Top of Supplied material

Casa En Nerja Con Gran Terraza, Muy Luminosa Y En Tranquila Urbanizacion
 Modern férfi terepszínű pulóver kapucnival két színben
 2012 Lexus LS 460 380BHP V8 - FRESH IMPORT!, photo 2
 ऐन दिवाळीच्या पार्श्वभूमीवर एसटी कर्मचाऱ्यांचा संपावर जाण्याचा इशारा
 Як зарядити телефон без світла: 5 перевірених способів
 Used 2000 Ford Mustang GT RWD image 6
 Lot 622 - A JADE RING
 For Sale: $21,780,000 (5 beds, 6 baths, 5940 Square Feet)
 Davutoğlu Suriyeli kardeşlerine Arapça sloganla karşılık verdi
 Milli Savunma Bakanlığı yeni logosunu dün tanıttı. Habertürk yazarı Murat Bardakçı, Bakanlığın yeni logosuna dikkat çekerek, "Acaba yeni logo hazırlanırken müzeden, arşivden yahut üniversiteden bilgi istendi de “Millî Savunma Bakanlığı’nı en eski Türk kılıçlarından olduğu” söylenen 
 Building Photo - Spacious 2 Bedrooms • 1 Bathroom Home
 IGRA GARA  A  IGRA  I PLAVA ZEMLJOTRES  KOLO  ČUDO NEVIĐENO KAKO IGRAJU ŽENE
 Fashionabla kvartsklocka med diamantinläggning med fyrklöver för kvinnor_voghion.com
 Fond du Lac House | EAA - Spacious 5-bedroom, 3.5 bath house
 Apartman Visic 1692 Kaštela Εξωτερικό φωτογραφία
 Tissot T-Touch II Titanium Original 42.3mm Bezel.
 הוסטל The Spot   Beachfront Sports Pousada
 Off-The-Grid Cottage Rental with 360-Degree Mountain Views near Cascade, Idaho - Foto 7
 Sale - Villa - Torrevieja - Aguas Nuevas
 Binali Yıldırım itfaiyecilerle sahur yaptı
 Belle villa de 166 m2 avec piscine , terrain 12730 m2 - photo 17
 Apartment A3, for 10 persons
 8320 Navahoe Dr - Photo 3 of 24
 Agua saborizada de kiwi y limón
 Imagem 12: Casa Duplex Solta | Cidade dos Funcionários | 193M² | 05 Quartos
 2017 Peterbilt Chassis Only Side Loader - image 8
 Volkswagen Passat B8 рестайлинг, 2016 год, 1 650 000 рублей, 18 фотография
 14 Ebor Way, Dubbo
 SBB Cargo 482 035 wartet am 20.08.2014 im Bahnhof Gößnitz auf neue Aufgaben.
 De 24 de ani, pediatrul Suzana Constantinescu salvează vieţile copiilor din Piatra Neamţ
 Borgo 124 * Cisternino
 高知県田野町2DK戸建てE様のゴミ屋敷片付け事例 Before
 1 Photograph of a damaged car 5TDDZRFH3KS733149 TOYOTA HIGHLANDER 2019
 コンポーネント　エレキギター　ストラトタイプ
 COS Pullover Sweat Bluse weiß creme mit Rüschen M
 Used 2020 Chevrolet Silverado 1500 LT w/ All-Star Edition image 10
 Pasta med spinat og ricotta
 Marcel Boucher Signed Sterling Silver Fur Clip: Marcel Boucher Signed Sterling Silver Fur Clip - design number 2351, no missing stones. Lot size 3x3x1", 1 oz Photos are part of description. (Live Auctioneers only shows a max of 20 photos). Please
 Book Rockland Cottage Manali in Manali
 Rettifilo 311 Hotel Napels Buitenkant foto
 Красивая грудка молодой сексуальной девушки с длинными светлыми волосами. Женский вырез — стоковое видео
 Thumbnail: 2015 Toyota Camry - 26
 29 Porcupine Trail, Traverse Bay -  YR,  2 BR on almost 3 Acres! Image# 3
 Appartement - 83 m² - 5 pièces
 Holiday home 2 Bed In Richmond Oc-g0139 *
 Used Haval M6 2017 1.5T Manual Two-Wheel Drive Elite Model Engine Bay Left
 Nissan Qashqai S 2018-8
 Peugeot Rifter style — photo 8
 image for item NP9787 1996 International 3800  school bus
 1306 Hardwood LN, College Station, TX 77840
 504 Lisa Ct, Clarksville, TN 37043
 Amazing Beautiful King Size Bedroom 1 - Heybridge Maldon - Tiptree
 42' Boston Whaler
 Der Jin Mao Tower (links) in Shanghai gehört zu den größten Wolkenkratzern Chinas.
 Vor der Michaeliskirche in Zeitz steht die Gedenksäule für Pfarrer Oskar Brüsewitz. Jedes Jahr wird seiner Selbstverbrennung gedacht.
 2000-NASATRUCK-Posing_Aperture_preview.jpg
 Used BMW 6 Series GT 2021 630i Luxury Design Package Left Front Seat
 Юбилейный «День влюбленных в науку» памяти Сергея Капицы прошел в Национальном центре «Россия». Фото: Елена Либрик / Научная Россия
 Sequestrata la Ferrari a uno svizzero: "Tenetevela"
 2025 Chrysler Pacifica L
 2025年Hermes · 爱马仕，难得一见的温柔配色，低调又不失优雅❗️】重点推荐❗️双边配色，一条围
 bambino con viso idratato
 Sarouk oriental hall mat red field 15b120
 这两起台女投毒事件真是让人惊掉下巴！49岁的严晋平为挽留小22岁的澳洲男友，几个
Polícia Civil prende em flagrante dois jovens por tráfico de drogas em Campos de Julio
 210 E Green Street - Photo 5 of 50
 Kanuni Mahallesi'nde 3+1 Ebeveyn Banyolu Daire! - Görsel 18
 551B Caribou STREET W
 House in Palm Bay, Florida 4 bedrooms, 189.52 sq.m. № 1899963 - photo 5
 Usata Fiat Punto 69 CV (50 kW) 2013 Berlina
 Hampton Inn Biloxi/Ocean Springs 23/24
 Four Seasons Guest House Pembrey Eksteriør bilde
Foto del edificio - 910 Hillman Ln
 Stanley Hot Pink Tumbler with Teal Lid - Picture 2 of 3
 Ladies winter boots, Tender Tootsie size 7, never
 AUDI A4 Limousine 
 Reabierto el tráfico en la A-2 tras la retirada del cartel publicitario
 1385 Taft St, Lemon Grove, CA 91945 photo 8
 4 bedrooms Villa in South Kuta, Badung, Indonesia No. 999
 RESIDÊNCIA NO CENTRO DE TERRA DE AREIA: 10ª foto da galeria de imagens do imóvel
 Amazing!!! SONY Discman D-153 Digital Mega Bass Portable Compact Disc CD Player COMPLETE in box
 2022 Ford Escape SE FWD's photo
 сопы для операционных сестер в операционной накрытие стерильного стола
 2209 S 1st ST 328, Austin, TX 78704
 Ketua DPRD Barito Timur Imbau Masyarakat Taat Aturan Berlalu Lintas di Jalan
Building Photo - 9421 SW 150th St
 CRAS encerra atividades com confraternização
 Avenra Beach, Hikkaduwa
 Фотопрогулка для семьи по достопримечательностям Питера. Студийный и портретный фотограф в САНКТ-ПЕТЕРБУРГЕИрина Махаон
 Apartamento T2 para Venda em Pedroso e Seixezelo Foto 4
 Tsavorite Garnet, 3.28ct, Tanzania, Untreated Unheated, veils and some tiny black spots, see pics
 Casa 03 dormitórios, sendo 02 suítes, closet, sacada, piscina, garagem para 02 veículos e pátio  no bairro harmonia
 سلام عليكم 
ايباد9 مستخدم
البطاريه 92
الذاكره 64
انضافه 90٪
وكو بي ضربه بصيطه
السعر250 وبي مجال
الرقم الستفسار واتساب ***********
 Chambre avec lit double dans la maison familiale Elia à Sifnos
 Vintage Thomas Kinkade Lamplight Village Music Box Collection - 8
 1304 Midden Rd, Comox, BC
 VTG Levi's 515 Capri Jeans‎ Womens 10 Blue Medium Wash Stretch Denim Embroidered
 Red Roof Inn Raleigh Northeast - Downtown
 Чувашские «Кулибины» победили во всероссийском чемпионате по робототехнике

Bottom of Supplied material

Action item
Reproduce the records above in full, without altering a single character.

Task answer
Casa En Nerja Con Gran Terraza, Muy Luminosa Y En Tranquila Urbanizacion
 Modern férfi terepszínű pulóver kapucnival két színben
 2012 Lexus LS 460 380BHP V8 - FRESH IMPORT!, photo 2
 ऐन दिवाळीच्या पार्श्वभूमीवर एसटी कर्मचाऱ्यांचा संपावर जाण्याचा इशारा
 Як зарядити телефон без світла: 5 перевірених способів
 Used 2000 Ford Mustang GT RWD image 6
 Lot 622 - A JADE RING
 For Sale: $21,780,000 (5 beds, 6 baths, 5940 Square Feet)
 Davutoğlu Suriyeli kardeşlerine Arapça sloganla karşılık verdi
 Milli Savunma Bakanlığı yeni logosunu dün tanıttı. Habertürk yazarı Murat Bardakçı, Bakanlığın yeni logosuna dikkat çekerek, "Acaba yeni logo hazırlanırken müzeden, arşivden yahut üniversiteden bilgi istendi de “Millî Savunma Bakanlığı’nı en eski Türk kılıçlarından olduğu” söylenen 
 Building Photo - Spacious 2 Bedrooms • 1 Bathroom Home
 IGRA GARA  A  IGRA  I PLAVA ZEMLJOTRES  KOLO  ČUDO NEVIĐENO KAKO IGRAJU ŽENE
 Fashionabla kvartsklocka med diamantinläggning med fyrklöver för kvinnor_voghion.com
 Fond du Lac House | EAA - Spacious 5-bedroom, 3.5 bath house
 Apartman Visic 1692 Kaštela Εξωτερικό φωτογραφία
 Tissot T-Touch II Titanium Original 42.3mm Bezel.
 הוסטל The Spot   Beachfront Sports Pousada
 Off-The-Grid Cottage Rental with 360-Degree Mountain Views near Cascade, Idaho - Foto 7
 Sale - Villa - Torrevieja - Aguas Nuevas
 Binali Yıldırım itfaiyecilerle sahur yaptı
 Belle villa de 166 m2 avec piscine , terrain 12730 m2 - photo 17
 Apartment A3, for 10 persons
 8320 Navahoe Dr - Photo 3 of 24
 Agua saborizada de kiwi y limón
 Imagem 12: Casa Duplex Solta | Cidade dos Funcionários | 193M² | 05 Quartos
 2017 Peterbilt Chassis Only Side Loader - image 8
 Volkswagen Passat B8 рестайлинг, 2016 год, 1 650 000 рублей, 18 фотография
 14 Ebor Way, Dubbo
 SBB Cargo 482 035 wartet am 20.08.2014 im Bahnhof Gößnitz auf neue Aufgaben.
 De 24 de ani, pediatrul Suzana Constantinescu salvează vieţile copiilor din Piatra Neamţ
 Borgo 124 * Cisternino
 高知県田野町2DK戸建てE様のゴミ屋敷片付け事例 Before
 1 Photograph of a damaged car 5TDDZRFH3KS733149 TOYOTA HIGHLANDER 2019
 コンポーネント　エレキギター　ストラトタイプ
 COS Pullover Sweat Bluse weiß creme mit Rüschen M
 Used 2020 Chevrolet Silverado 1500 LT w/ All-Star Edition image 10
 Pasta med spinat og ricotta
 Marcel Boucher Signed Sterling Silver Fur Clip: Marcel Boucher Signed Sterling Silver Fur Clip - design number 2351, no missing stones. Lot size 3x3x1", 1 oz Photos are part of description. (Live Auctioneers only shows a max of 20 photos). Please
 Book Rockland Cottage Manali in Manali
 Rettifilo 311 Hotel Napels Buitenkant foto
 Красивая грудка молодой сексуальной девушки с длинными светлыми волосами. Женский вырез — стоковое видео
 Thumbnail: 2015 Toyota Camry - 26
 29 Porcupine Trail, Traverse Bay -  YR,  2 BR on almost 3 Acres! Image# 3
 Appartement - 83 m² - 5 pièces
 Holiday home 2 Bed In Richmond Oc-g0139 *
 Used Haval M6 2017 1.5T Manual Two-Wheel Drive Elite Model Engine Bay Left
 Nissan Qashqai S 2018-8
 Peugeot Rifter style — photo 8
 image for item NP9787 1996 International 3800  school bus
 1306 Hardwood LN, College Station, TX 77840
 504 Lisa Ct, Clarksville, TN 37043
 Amazing Beautiful King Size Bedroom 1 - Heybridge Maldon - Tiptree
 42' Boston Whaler
 Der Jin Mao Tower (links) in Shanghai gehört zu den größten Wolkenkratzern Chinas.
 Vor der Michaeliskirche in Zeitz steht die Gedenksäule für Pfarrer Oskar Brüsewitz. Jedes Jahr wird seiner Selbstverbrennung gedacht.
 2000-NASATRUCK-Posing_Aperture_preview.jpg
 Used BMW 6 Series GT 2021 630i Luxury Design Package Left Front Seat
 Юбилейный «День влюбленных в науку» памяти Сергея Капицы прошел в Национальном центре «Россия». Фото: Елена Либрик / Научная Россия
 Sequestrata la Ferrari a uno svizzero: "Tenetevela"
 2025 Chrysler Pacifica L
 2025年Hermes · 爱马仕，难得一见的温柔配色，低调又不失优雅❗️】重点推荐❗️双边配色，一条围
 bambino con viso idratato
 Sarouk oriental hall mat red field 15b120
 这两起台女投毒事件真是让人惊掉下巴！49岁的严晋平为挽留小22岁的澳洲男友，几个
Polícia Civil prende em flagrante dois jovens por tráfico de drogas em Campos de Julio
 210 E Green Street - Photo 5 of 50
 Kanuni Mahallesi'nde 3+1 Ebeveyn Banyolu Daire! - Görsel 18
 551B Caribou STREET W
 House in Palm Bay, Florida 4 bedrooms, 189.52 sq.m. № 1899963 - photo 5
 Usata Fiat Punto 69 CV (50 kW) 2013 Berlina
 Hampton Inn Biloxi/Ocean Springs 23/24
 Four Seasons Guest House Pembrey Eksteriør bilde
Foto del edificio - 910 Hillman Ln
 Stanley Hot Pink Tumbler with Teal Lid - Picture 2 of 3
 Ladies winter boots, Tender Tootsie size 7, never
 AUDI A4 Limousine 
 Reabierto el tráfico en la A-2 tras la retirada del cartel publicitario
 1385 Taft St, Lemon Grove, CA 91945 photo 8
 4 bedrooms Villa in South Kuta, Badung, Indonesia No. 999
 RESIDÊNCIA NO CENTRO DE TERRA DE AREIA: 10ª foto da galeria de imagens do imóvel
 Amazing!!! SONY Discman D-153 Digital Mega Bass Portable Compact Disc CD Player COMPLETE in box
 2022 Ford Escape SE FWD's photo
 сопы для операционных сестер в операционной накрытие стерильного стола
 2209 S 1st ST 328, Austin, TX 78704
 Ketua DPRD Barito Timur Imbau Masyarakat Taat Aturan Berlalu Lintas di Jalan
Building Photo - 9421 SW 150th St
 CRAS encerra atividades com confraternização
 Avenra Beach, Hikkaduwa
 Фотопрогулка для семьи по достопримечательностям Питера. Студийный и портретный фотограф в САНКТ-ПЕТЕРБУРГЕИрина Махаон
 Apartamento T2 para Venda em Pedroso e Seixezelo Foto 4
 Tsavorite Garnet, 3.28ct, Tanzania, Untreated Unheated, veils and some tiny black spots, see pics
 Casa 03 dormitórios, sendo 02 suítes, closet, sacada, piscina, garagem para 02 veículos e pátio  no bairro harmonia
 سلام عليكم 
ايباد9 مستخدم
البطاريه 92
الذاكره 64
انضافه 90٪
وكو بي ضربه بصيطه
السعر250 وبي مجال
الرقم الستفسار واتساب ***********
 Chambre avec lit double dans la maison familiale Elia à Sifnos
 Vintage Thomas Kinkade Lamplight Village Music Box Collection - 8
 1304 Midden Rd, Comox, BC
 VTG Levi's 515 Capri Jeans‎ Womens 10 Blue Medium Wash Stretch Denim Embroidered
 Red Roof Inn Raleigh Northeast - Downtown
 Чувашские «Кулибины» победили во всероссийском чемпионате по робототехнике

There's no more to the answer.